Но присмотревшись, я понял, что они поглядывают не друг на друга, а вот именно на ручей…

А значит, его и рисуют…

Я ехал мимо на велосипеде, ясно, что мне очень хотелось заглянуть в их рисунки, но я вовремя не затормозил, а возвращаться было как-то совсем уж глупо… И вскоре я собирался обратно, так что я подумал: на обратном пути…

Но когда я ехал обратно, их и след простыл… Тут-то я и остановился, мне странно было, что они так быстро исчезли, рисовать воду не так просто…

И тут я заметил под ногами у себя эту старую брусчатку — камни уже почти полностью ушли в землю, и осталась вот именно сетка, как будто расчертили земляную дорожку прутиком… Это такой вид брусчатки, при котором ряды камней не прямые, а расходятся веером… Очень похоже на рисунок ручья, право слово…

И всё же мне было жаль, что я не увидел того, что нарисовали эти дети… Я вспомнил, что некоторые из них положили раскрытые альбомы на спины других мальчиков и девочек, от чего у тех как бы выросли белые крылья… Я не уверен, что это вообще были дети, а не стайка усердных ангелов…

Но тогда они вполне могли отложить альбомы и нарисовать ручей на земле…

«Язык булыжника мне голубя понятней», — прочёл я недавно у Мандельштама…

В магазине «Dichtung und Wahrheit» стоит на втором этаже его полное собрание…

После этого я долго сидел на траве, глядя на воду в каком-то странном состоянии, похожем на приход… Но это был не приход…

Может быть, под мостом мне теперь вообще самое место — уртюп своим животным инстинктом это почувствовал — что можно с кем-то поменяться местами…

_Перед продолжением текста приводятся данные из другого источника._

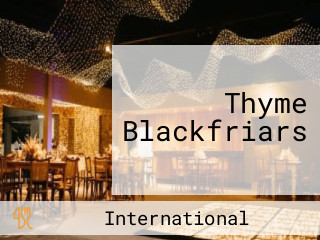 Thyme Blackfriars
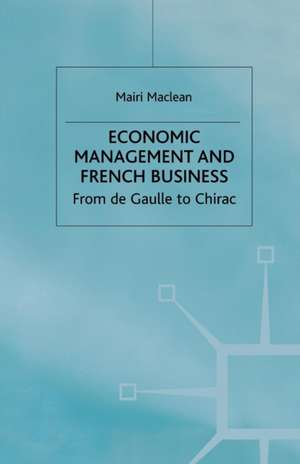 Economic Management and French Business: From de Gaulle to Chirac de M. Maclean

И я решил, от нечего делать… Или — чтобы защитить себя… То ли от Уртюпа, то ли от манифестаций Ничто…

Что-то всё-таки попытаться разузнать — о своих начальных условиях…

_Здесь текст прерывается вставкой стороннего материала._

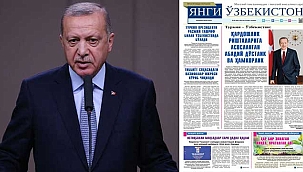 Cumhurbaaşkanı Erdoğan ,Yeni Özbekistan Gazetesi için makale kaleme aldı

С этой целью я и разыскал в телефонной книжке Феликса Шварцхольцера.

— Нет-нет, никто между нами не пробежал, забудь… Просто прошёл период в его жизни под названием «Дружба с Феликсом», ну и в моей, соответственно, с Ахимом Айгнером… Может быть, он стал слишком занят… Но не заносчив, нет… В общем, не стоит об этом и говорить, мы навсегда остались друзьями, точка.

— О’кей, — сказал я.

— Так что же ты хотел у меня узнать?

— Феликс, прости, дорогой, у тебя нечем смочить горло? — сказал я.